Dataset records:
-=-=-
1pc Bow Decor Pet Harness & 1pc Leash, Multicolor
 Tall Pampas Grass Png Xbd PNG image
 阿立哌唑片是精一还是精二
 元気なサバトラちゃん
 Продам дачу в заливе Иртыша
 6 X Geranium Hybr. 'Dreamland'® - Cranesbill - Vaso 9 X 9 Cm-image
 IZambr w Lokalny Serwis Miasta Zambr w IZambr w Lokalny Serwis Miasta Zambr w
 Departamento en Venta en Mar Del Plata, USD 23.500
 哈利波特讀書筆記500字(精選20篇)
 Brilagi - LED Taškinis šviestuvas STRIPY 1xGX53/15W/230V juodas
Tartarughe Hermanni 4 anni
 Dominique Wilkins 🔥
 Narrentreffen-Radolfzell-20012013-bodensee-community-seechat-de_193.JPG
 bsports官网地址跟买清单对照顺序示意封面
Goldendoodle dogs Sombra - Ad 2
-=-=-
- WHAT YOU WILL DO: Your answer should consist only of the lines from the one with "Brilagi - LED" through the last line of the entries above, retyped exactly.

- TASK ANSWER:
 Brilagi - LED Taškinis šviestuvas STRIPY 1xGX53/15W/230V juodas
Tartarughe Hermanni 4 anni
 Dominique Wilkins 🔥
 Narrentreffen-Radolfzell-20012013-bodensee-community-seechat-de_193.JPG
 bsports官网地址跟买清单对照顺序示意封面
Goldendoodle dogs Sombra - Ad 2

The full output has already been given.